# Coolest thing you've ever bought for yourself?



## LJBerry

What is it? I'm gonna buy myself a new gun. a stoger Model 2000.


----------



## duckkiller15

idk i like the good ole air horn


----------



## LJBerry

Well my dad said that the 2000 wasnt the greatest gun, so i bought an Escort Magnum in Killerweed camo. Had to sell my 870 for money though. And all in all i owed my dad about 75 dollars at the end.


----------



## Timothy Cobb

The coolest thing which I have brought is the pocket handgun.


----------



## LAquacker

Dozen Dakota decoys and a nice spiffy bag to go with them. Bought them with a smile.


----------



## Moorhuhn

Simple car "Datsun mi-Do". Here it is red, but I had a grey one.

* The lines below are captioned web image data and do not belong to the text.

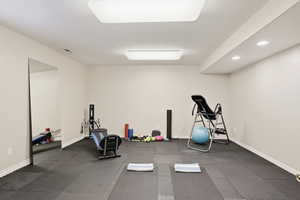 Workout room featuring dark rubber floors, a textured ceiling, and recessed lighting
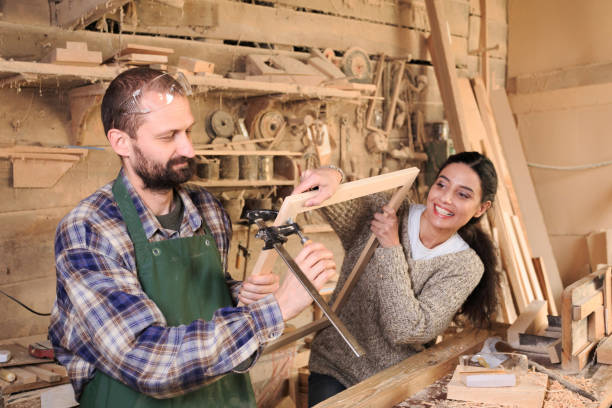 Couple carpenter workers making a frame in their workshop stock photo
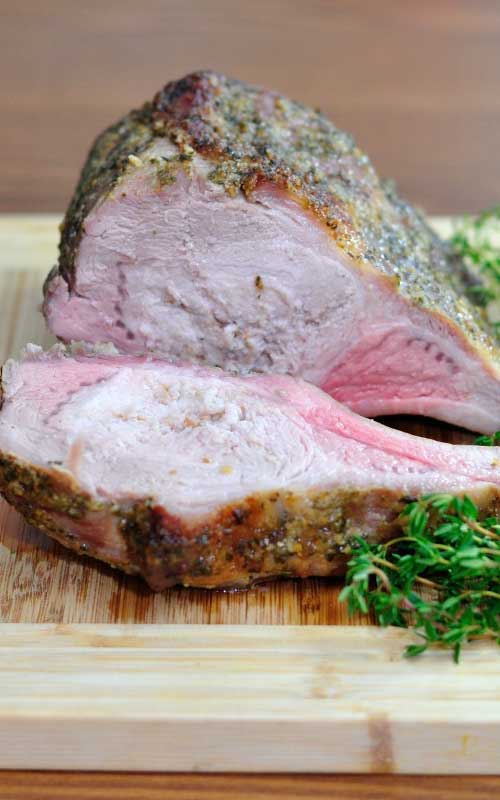 A Slow-Roasted Pork Rib Roast is the pork version of a beef rib roast: juicy, delicious, and impressive, but without the impressive price.
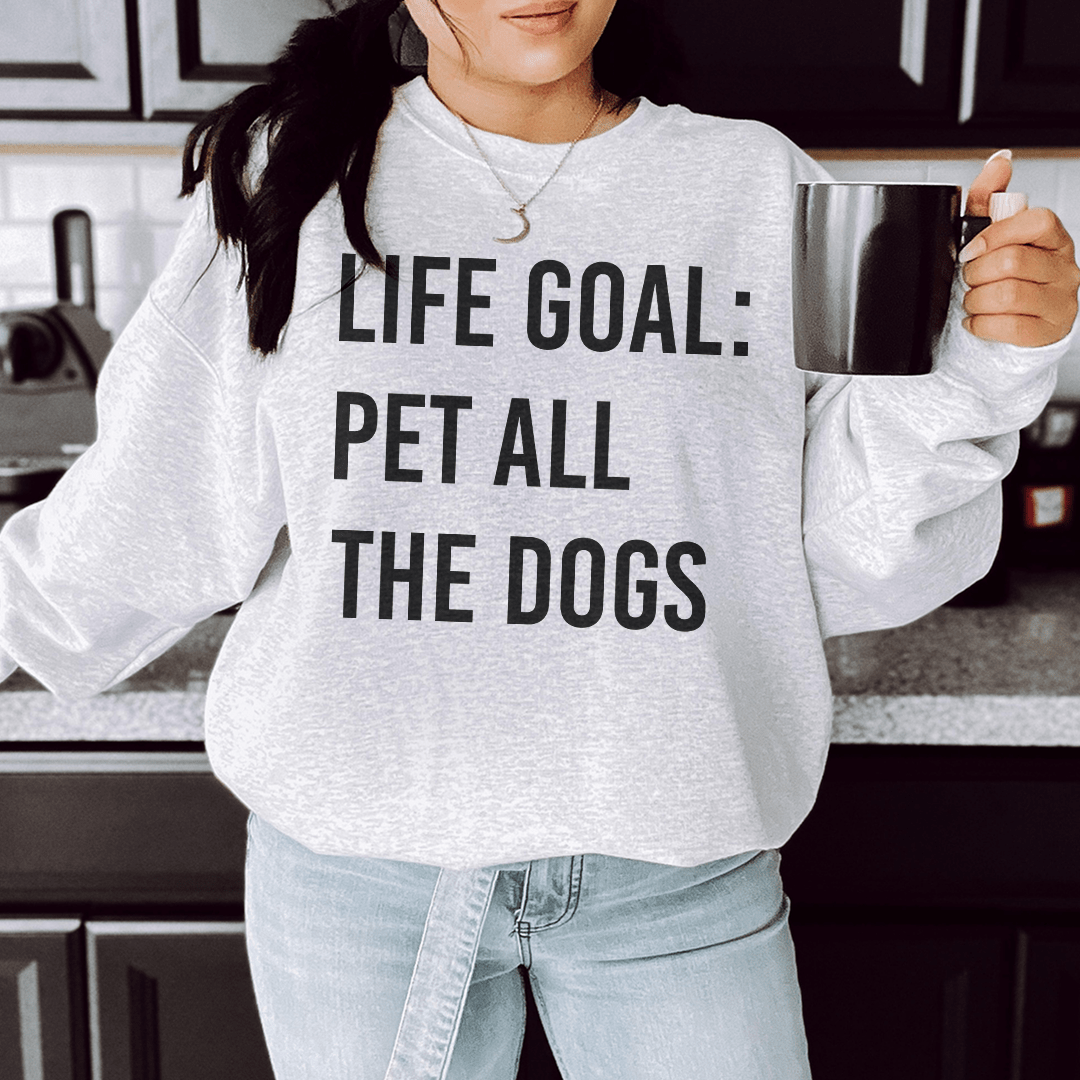 Cozy sweatshirt featuring the phrase 'Life Goal Pet All The Dogs', designed for dog lovers, made from soft cotton/poly fleece blend.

It is an amazing feeling when you are buying something on your own money you earned for the job! Just for real :3

Hehe, I have a bit funny story about when I have bought Datsun. Unfortunately, my bank did not want to transfer money. 

I definitely like the 21st century. It allows us to do so many things! Even writing this little post)

Thank you for your attention!


----------



## Aunt Betty

Helicopter


----------



## Missy Skeeter

House with a view


----------



## Aunt Betty

My chopper was an air hog ...lol
The cat hated the thing.
Mine looked like a dragonfly.


----------



## Aunt Betty

I was super delighted when I figured out what the tan, sin, and cos do. The e key is powerful.
It's like EEE really loud.
This has to be the coolest device I own.



the newer ones do calculus and differential equations. Seemed like cheating fo me


----------



## killerv

85...rich kid...we could only spring for the 81.

I remember writing my formulas in pencil on the cover, could quickly wipe off. made a lot of As.


----------



## FoghornTN

I bought a 2nd hand 390 Beretta at a gunshow in '94 for $300. I still have the gun!
*my first mag shotgun


----------